» Exercise directions: Below are some entries. Return exactly the lines from the one with "Дизайн хип -хоп" through the final line, leaving out any pictures.

#### Data provided

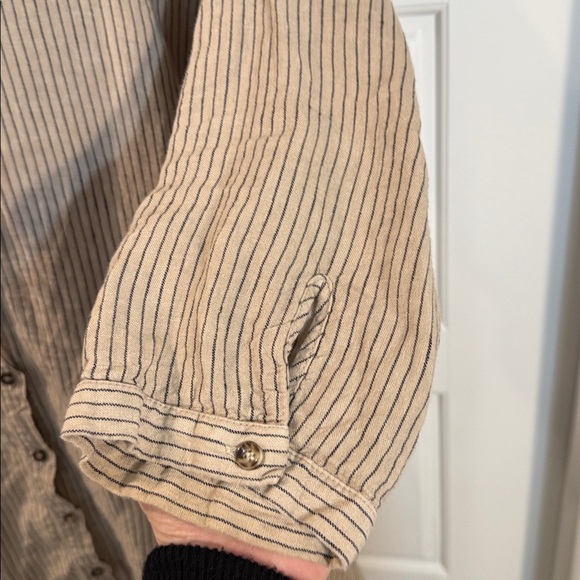 SAUTHS linen maxi dress in almond stripes large - Picture 9 of 15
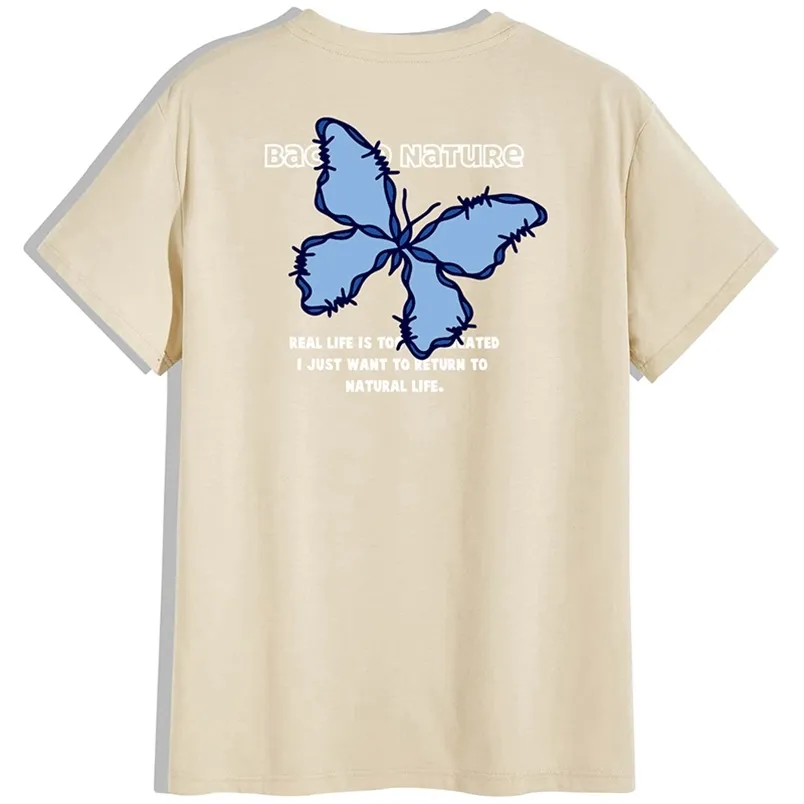Дизайн хип -хоп уличная одежда бежевая мужская футболка синяя бабочка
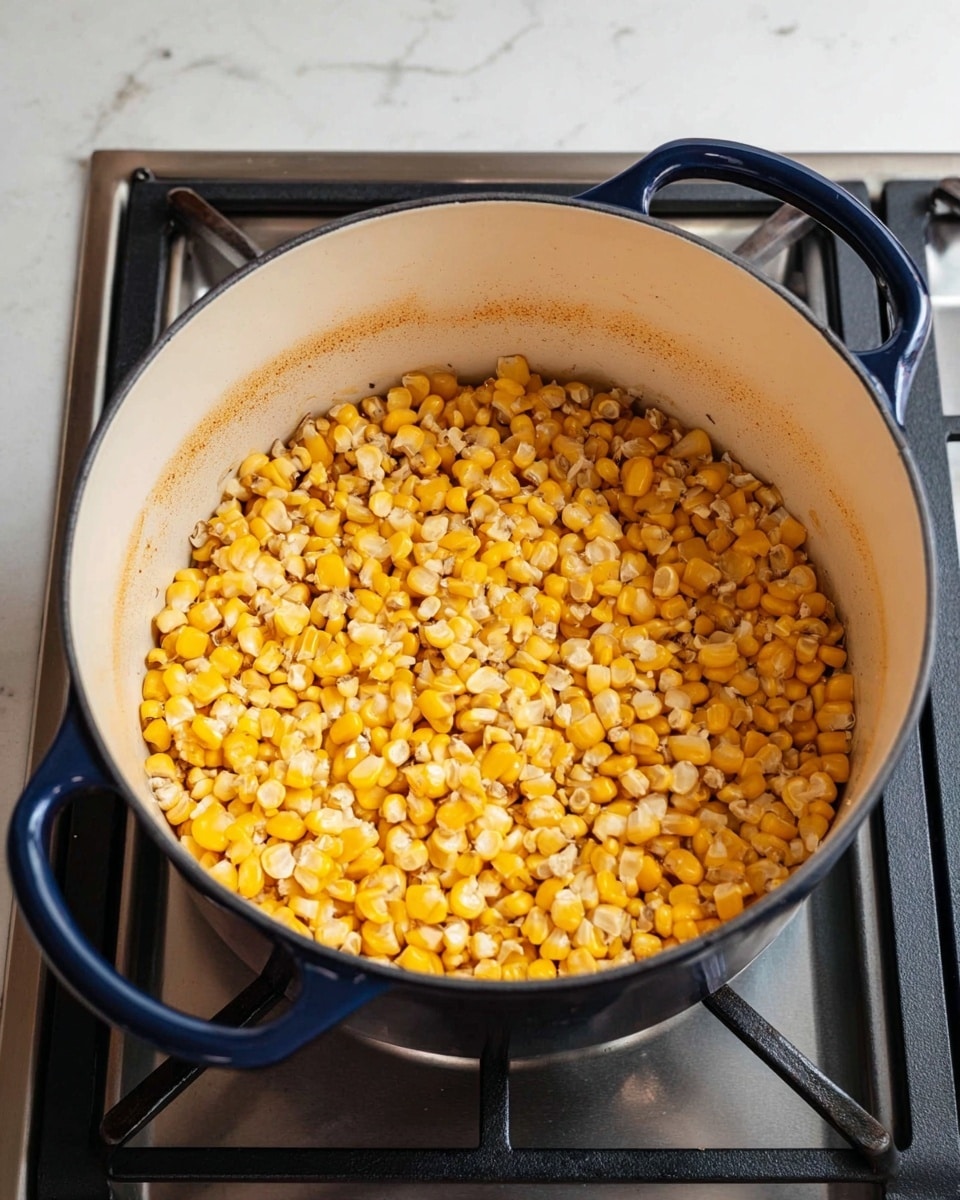 A round white pot with dark blue handles sits on a gas stove with black grates. Inside the pot, there is one layer of cooked yellow and white corn kernels, some with light brown spots showing they have been lightly fried or roasted. The inner sides of the pot have brown marks from cooking. The background surface is a white marbled texture photo taken with an iphone --ar 4:5 --v 7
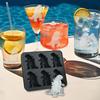Ice Cube Mold Food Grade Silicone Ice Tray 6 Cavity Dinosaur Shaped Ice Maker Easy Fill Release Party Cocktail Accessory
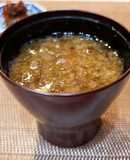 熱中症予防に！梅干とあおさの味噌汁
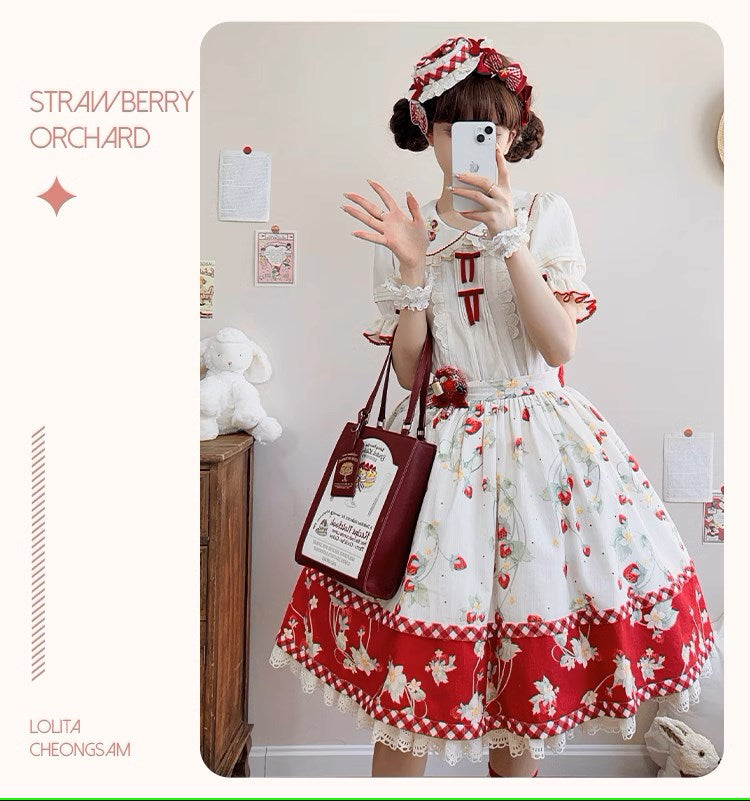 Strawberry Orchard Strawberry Suspender Skirt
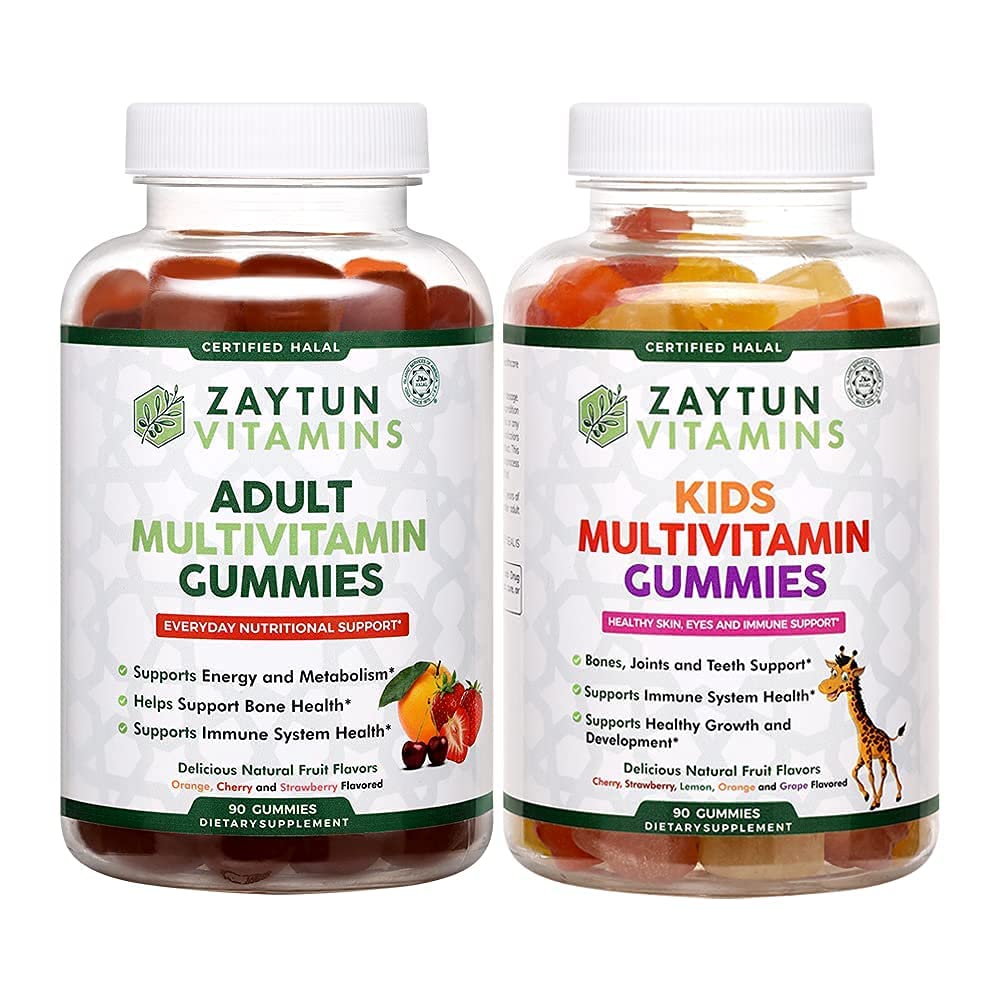 Zaytun Vitamins Halal Kids and Adult Multivitamin Gummies, Complete Daily Nutritional Support for Family, Vegetarian, Supports Energy and Healthy Growth, Made in USA - Halal Vitamins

########

» Exercise solution:
Дизайн хип -хоп уличная одежда бежевая мужская футболка синяя бабочка
 A round white pot with dark blue handles sits on a gas stove with black grates. Inside the pot, there is one layer of cooked yellow and white corn kernels, some with light brown spots showing they have been lightly fried or roasted. The inner sides of the pot have brown marks from cooking. The background surface is a white marbled texture photo taken with an iphone --ar 4:5 --v 7
Ice Cube Mold Food Grade Silicone Ice Tray 6 Cavity Dinosaur Shaped Ice Maker Easy Fill Release Party Cocktail Accessory
 熱中症予防に！梅干とあおさの味噌汁
 Strawberry Orchard Strawberry Suspender Skirt
 Zaytun Vitamins Halal Kids and Adult Multivitamin Gummies, Complete Daily Nutritional Support for Family, Vegetarian, Supports Energy and Healthy Growth, Made in USA - Halal Vitamins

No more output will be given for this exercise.